[Web page caption snippets]
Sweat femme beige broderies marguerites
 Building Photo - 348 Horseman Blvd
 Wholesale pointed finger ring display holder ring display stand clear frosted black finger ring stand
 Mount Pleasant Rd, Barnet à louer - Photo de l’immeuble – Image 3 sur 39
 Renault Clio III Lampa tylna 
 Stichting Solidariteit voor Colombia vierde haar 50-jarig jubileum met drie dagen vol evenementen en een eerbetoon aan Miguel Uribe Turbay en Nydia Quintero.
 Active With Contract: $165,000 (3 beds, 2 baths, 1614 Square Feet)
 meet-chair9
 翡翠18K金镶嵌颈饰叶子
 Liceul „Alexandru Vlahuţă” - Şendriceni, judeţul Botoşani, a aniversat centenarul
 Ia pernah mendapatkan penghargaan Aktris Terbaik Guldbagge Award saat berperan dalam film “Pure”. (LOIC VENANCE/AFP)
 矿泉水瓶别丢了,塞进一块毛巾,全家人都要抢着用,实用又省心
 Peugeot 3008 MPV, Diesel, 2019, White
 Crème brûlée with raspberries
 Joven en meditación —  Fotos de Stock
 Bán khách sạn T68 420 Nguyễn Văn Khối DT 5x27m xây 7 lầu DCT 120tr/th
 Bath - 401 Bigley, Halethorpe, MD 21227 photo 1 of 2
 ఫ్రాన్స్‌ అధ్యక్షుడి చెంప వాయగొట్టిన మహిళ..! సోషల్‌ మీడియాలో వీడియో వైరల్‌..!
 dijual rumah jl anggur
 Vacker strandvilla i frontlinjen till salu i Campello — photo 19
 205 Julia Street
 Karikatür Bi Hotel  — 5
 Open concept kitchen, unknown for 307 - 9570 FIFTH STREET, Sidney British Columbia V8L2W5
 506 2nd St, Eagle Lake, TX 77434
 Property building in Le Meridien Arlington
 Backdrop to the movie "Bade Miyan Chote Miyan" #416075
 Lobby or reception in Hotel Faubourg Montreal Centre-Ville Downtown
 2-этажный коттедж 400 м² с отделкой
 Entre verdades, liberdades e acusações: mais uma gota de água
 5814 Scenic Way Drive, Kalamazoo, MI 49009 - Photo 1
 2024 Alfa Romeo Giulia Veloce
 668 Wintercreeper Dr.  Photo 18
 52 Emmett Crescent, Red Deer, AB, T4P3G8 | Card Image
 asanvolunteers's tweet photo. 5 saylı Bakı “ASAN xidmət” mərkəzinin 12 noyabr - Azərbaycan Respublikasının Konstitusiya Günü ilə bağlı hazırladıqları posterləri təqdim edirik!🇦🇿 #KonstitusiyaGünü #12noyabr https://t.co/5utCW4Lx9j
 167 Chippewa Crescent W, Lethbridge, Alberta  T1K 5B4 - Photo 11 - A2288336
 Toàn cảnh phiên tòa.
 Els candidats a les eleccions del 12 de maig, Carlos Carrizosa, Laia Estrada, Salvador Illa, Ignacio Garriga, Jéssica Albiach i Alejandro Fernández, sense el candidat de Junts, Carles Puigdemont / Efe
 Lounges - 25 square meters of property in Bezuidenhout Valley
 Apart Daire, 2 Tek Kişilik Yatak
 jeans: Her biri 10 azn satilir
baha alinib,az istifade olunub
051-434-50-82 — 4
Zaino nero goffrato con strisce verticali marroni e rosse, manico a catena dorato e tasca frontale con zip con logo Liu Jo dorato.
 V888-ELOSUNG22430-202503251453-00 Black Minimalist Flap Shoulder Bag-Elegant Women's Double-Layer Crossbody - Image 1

WHAT YOU WILL DO:
Repeat each record word for word.

TASK RESPONSE:
Sweat femme beige broderies marguerites
 Building Photo - 348 Horseman Blvd
 Wholesale pointed finger ring display holder ring display stand clear frosted black finger ring stand
 Mount Pleasant Rd, Barnet à louer - Photo de l’immeuble – Image 3 sur 39
 Renault Clio III Lampa tylna 
 Stichting Solidariteit voor Colombia vierde haar 50-jarig jubileum met drie dagen vol evenementen en een eerbetoon aan Miguel Uribe Turbay en Nydia Quintero.
 Active With Contract: $165,000 (3 beds, 2 baths, 1614 Square Feet)
 meet-chair9
 翡翠18K金镶嵌颈饰叶子
 Liceul „Alexandru Vlahuţă” - Şendriceni, judeţul Botoşani, a aniversat centenarul
 Ia pernah mendapatkan penghargaan Aktris Terbaik Guldbagge Award saat berperan dalam film “Pure”. (LOIC VENANCE/AFP)
 矿泉水瓶别丢了,塞进一块毛巾,全家人都要抢着用,实用又省心
 Peugeot 3008 MPV, Diesel, 2019, White
 Crème brûlée with raspberries
 Joven en meditación —  Fotos de Stock
 Bán khách sạn T68 420 Nguyễn Văn Khối DT 5x27m xây 7 lầu DCT 120tr/th
 Bath - 401 Bigley, Halethorpe, MD 21227 photo 1 of 2
 ఫ్రాన్స్‌ అధ్యక్షుడి చెంప వాయగొట్టిన మహిళ..! సోషల్‌ మీడియాలో వీడియో వైరల్‌..!
 dijual rumah jl anggur
 Vacker strandvilla i frontlinjen till salu i Campello — photo 19
 205 Julia Street
 Karikatür Bi Hotel  — 5
 Open concept kitchen, unknown for 307 - 9570 FIFTH STREET, Sidney British Columbia V8L2W5
 506 2nd St, Eagle Lake, TX 77434
 Property building in Le Meridien Arlington
 Backdrop to the movie "Bade Miyan Chote Miyan" #416075
 Lobby or reception in Hotel Faubourg Montreal Centre-Ville Downtown
 2-этажный коттедж 400 м² с отделкой
 Entre verdades, liberdades e acusações: mais uma gota de água
 5814 Scenic Way Drive, Kalamazoo, MI 49009 - Photo 1
 2024 Alfa Romeo Giulia Veloce
 668 Wintercreeper Dr.  Photo 18
 52 Emmett Crescent, Red Deer, AB, T4P3G8 | Card Image
 asanvolunteers's tweet photo. 5 saylı Bakı “ASAN xidmət” mərkəzinin 12 noyabr - Azərbaycan Respublikasının Konstitusiya Günü ilə bağlı hazırladıqları posterləri təqdim edirik!🇦🇿 #KonstitusiyaGünü #12noyabr https://t.co/5utCW4Lx9j
 167 Chippewa Crescent W, Lethbridge, Alberta  T1K 5B4 - Photo 11 - A2288336
 Toàn cảnh phiên tòa.
 Els candidats a les eleccions del 12 de maig, Carlos Carrizosa, Laia Estrada, Salvador Illa, Ignacio Garriga, Jéssica Albiach i Alejandro Fernández, sense el candidat de Junts, Carles Puigdemont / Efe
 Lounges - 25 square meters of property in Bezuidenhout Valley
 Apart Daire, 2 Tek Kişilik Yatak
 jeans: Her biri 10 azn satilir
baha alinib,az istifade olunub
051-434-50-82 — 4
Zaino nero goffrato con strisce verticali marroni e rosse, manico a catena dorato e tasca frontale con zip con logo Liu Jo dorato.
 V888-ELOSUNG22430-202503251453-00 Black Minimalist Flap Shoulder Bag-Elegant Women's Double-Layer Crossbody - Image 1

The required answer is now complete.